Friday, April 29, 2011

When science "managers" put the cart before the horse

This week I read a nice Opinion piece in Physics World, Making an Impact in Biology by Robert Endres. It is worth reading for an update on the contributions that physicists are starting to make to biology. However, one paragraph stood out to me. I found it a bit sad, but not totally surprising:
.... bigger is not always better. When I did research at the Oak Ridge National Laboratory in the US a few years ago, managers used to say that supercomputers should be used in the upcoming field of biology-inspired research, as this would, in retrospect, justify the lab’s investment in a huge computing infrastructure.
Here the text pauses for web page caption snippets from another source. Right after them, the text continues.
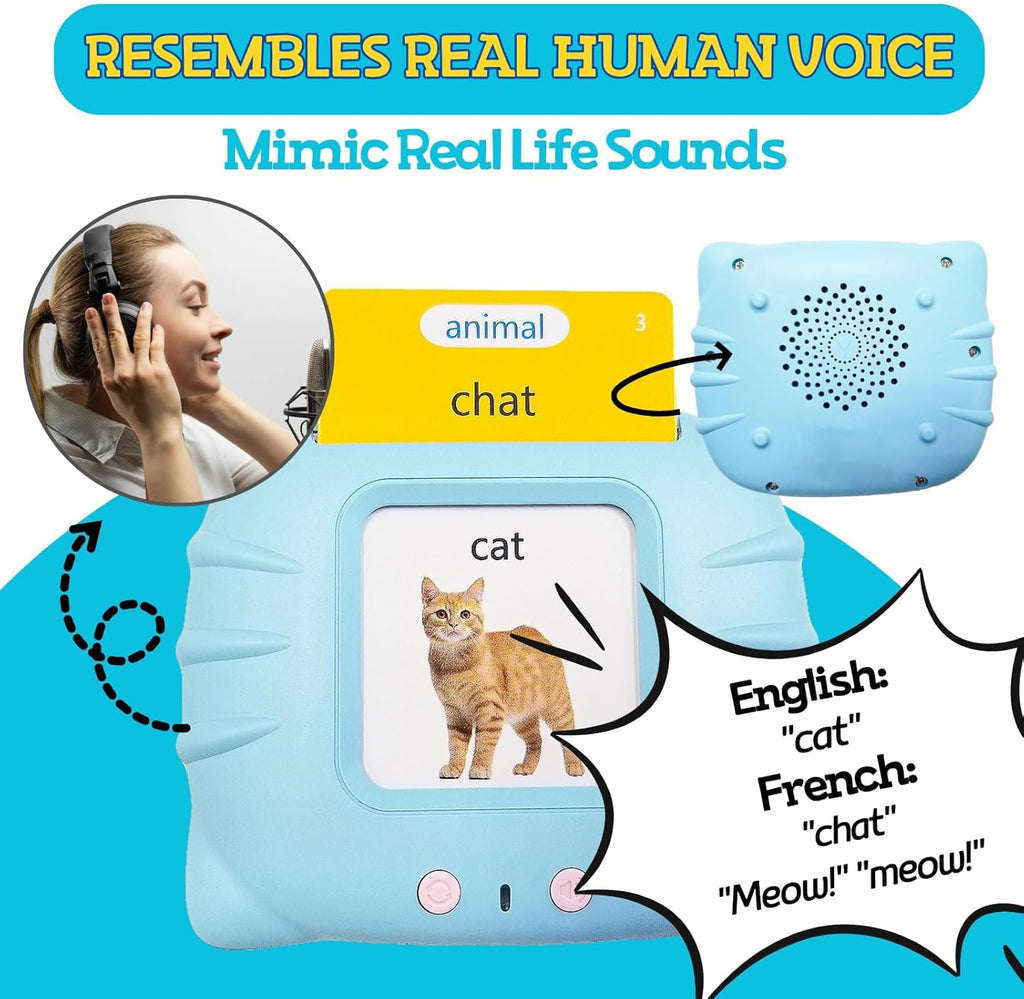 ZEENKIND French & English Talking Flash Cards with 510 Sight Words for Toddlers 3-6 Years Old, Learn French for Kids, Audible Pocket Speech Early Learning Bilingual Flashcard Toys, 255 Cards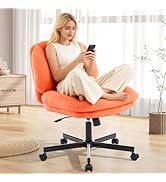 shipborne Cross Legged Office Chair, Thick Cushioned Criss Cross Desk Chair with Wheels, Wide Sea...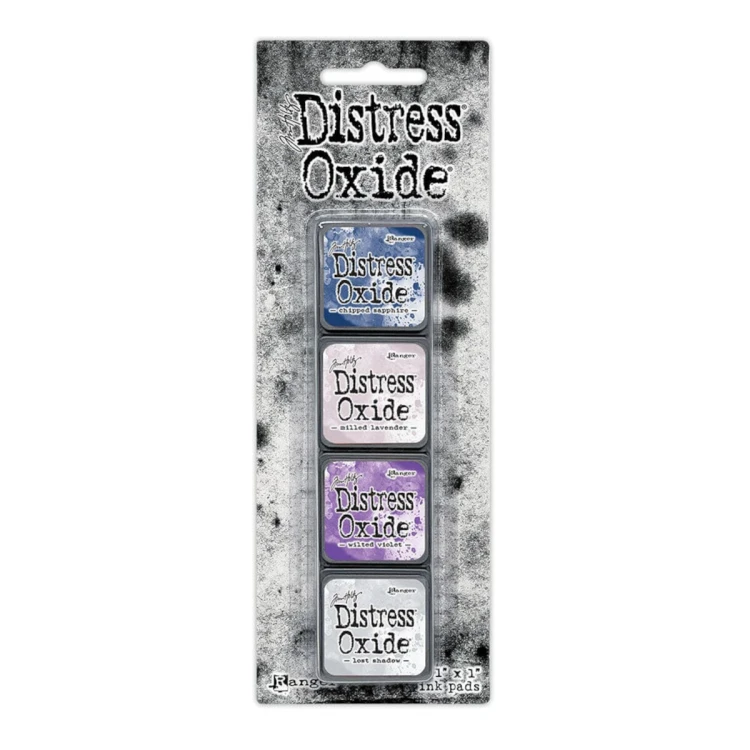 Zestaw tuszów Ranger Distress Mini Oxide Ink Kit 17 Tim Holtz – 4 mini poduszki tuszu w kostkach 2,5x2,5 cm, kompatybilne z puszką Distress Mini Ink Storage Tin
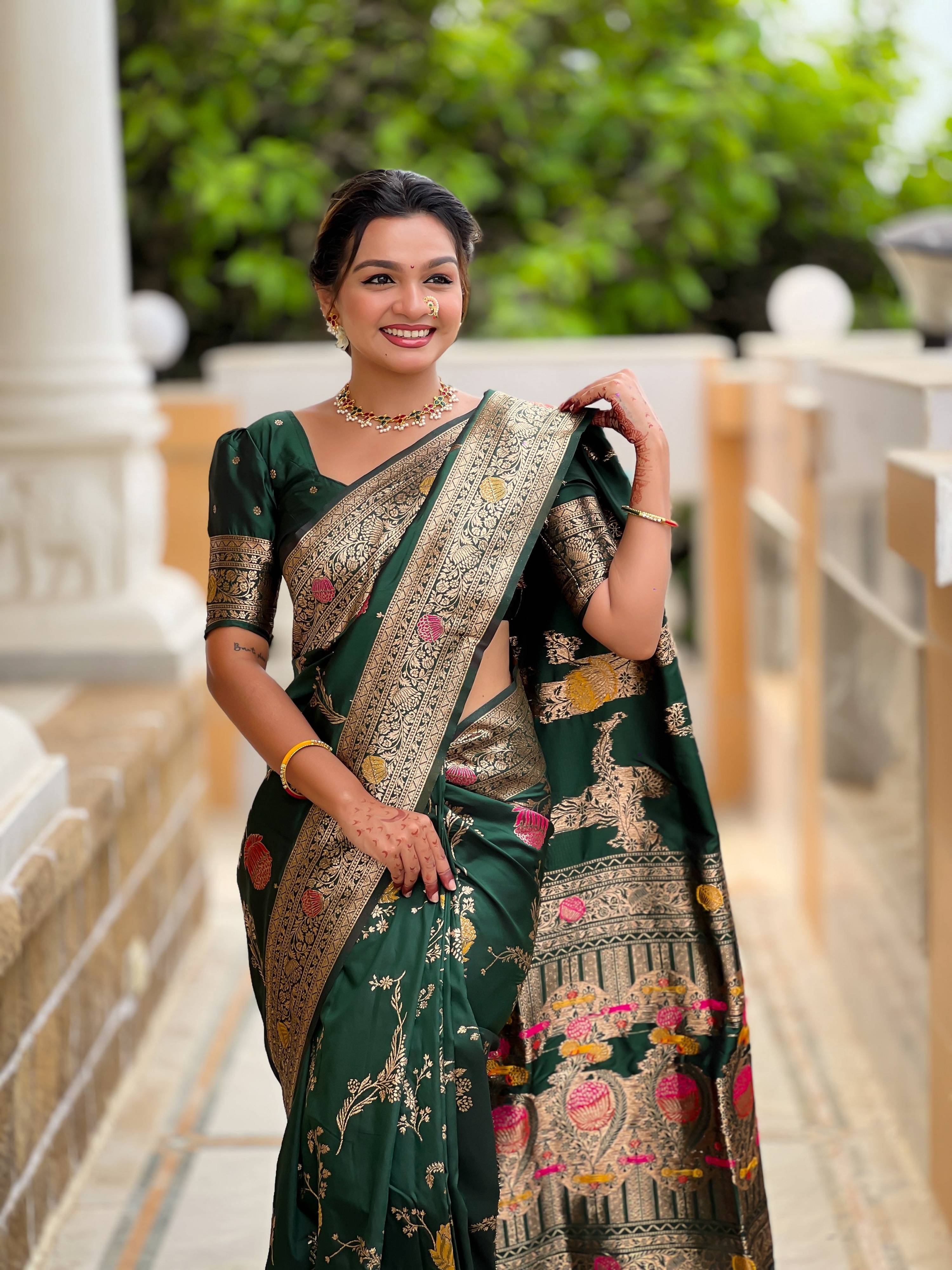 Vedant Vastram Soft Litchi Silk Banarasi Silk Jacquard Saree - Green | Grocsy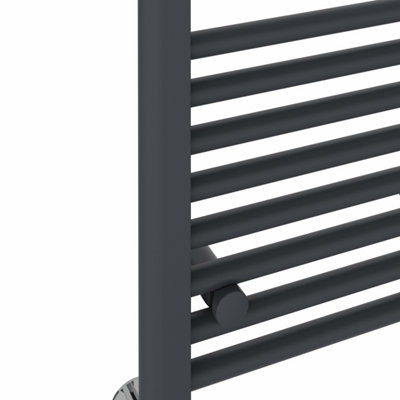 Rinse Bathrooms 800W Electric Thermostatic Heated Towel Rail Bathroom Radiators Straight with Timer - Anthracite - 1400x600mm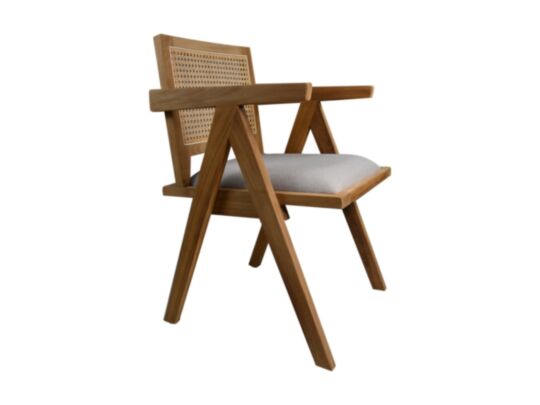 HSM Collection-Eetkamerstoel Phi+ zitting-52x54x83-Naturel/Grijs-Teak/Stof (TA-DCT165S)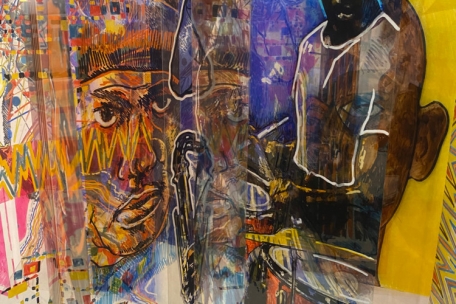 Un mobile intitulé „Jazz“, qui rappelle un motif musical qui a accompagné la carrière de Marc Henri Reckinger mais aussi son expérience cubiste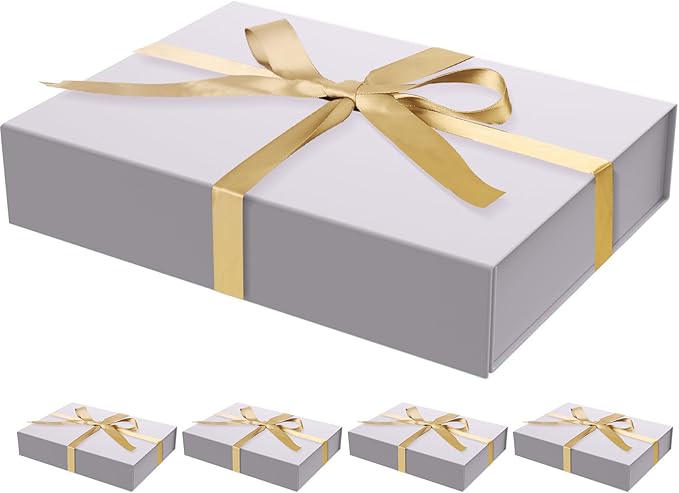 MOZRRO 5 Pack Gift Boxes with Lids, 11.5 x 8.5 x 2.3 Inches Packing Box for Presents Ribbon Magnetic Closure, Luxury Wrapping Gift Boxes for Weddings, Birthdays, Chrismas, Halloween, Purple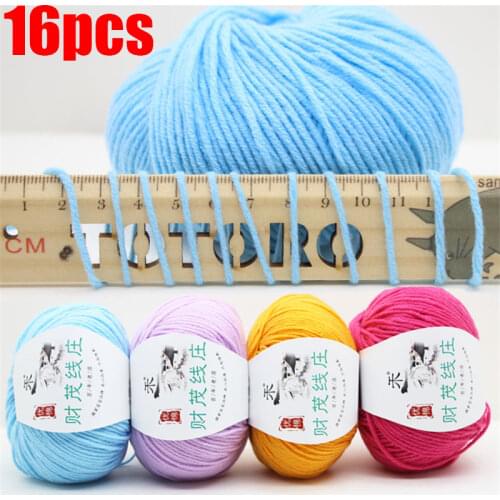 16pcs Wholesale Yarn for Knitting Cottong Wool Blended Yarn Diy Decostura Cotton Crochet Yarn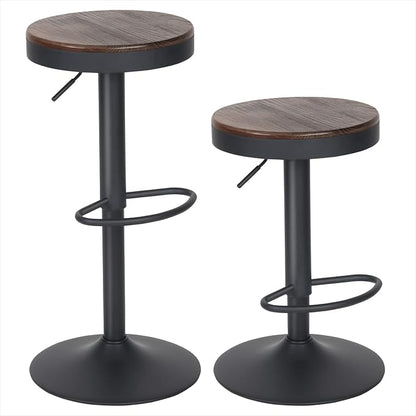 Kidol & Shellder Backless Counter Stools Set of 2 Swivel Adjustable Height BarStools Round Walnut Wooden Seat Modern Armless Bar Chairs for Kitchen Island Dining Room Cafe (Black)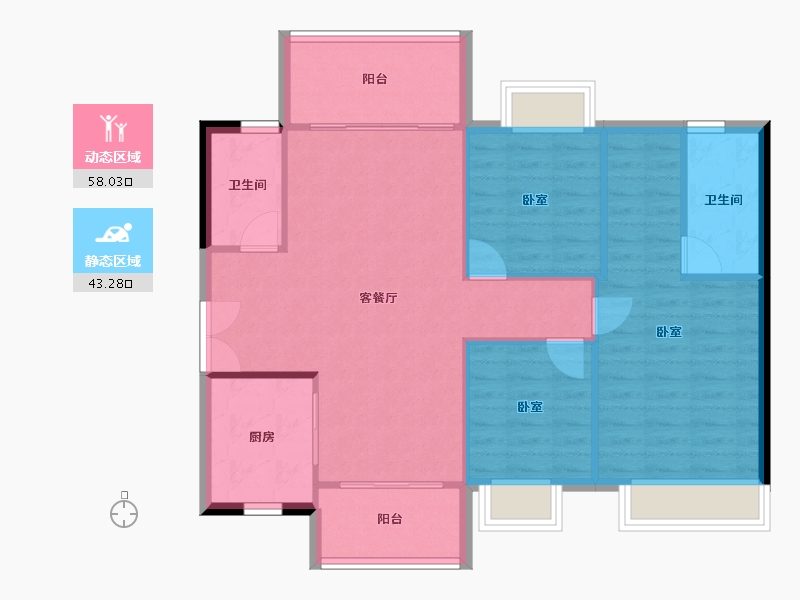 广东省-江门市-时代春树里-92.94-户型库-动静分区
But they also worried that someone would get “lucky” and find a smaller, more tractable, model or a more efficient algorithm to solve the same problem on a laptop – making the lab’s investment into such projects superfluous. 
Moving to Princeton University shortly afterwards, I realized that these worries were well founded.Top researchers, by asking the right questions and using clever models, could produce high-impact research results without ever needing supercomputers. 
Endres stresses (as I would) that supercomputers have a role in research but should be just  viewed as a possible tool towards for scientific understanding, hopefully the weapon of last resort... They are just a means to an end. Furthermore, funding and politics must never determine scientific strategy.
The cartoon is courtesy of Bob Laughlin.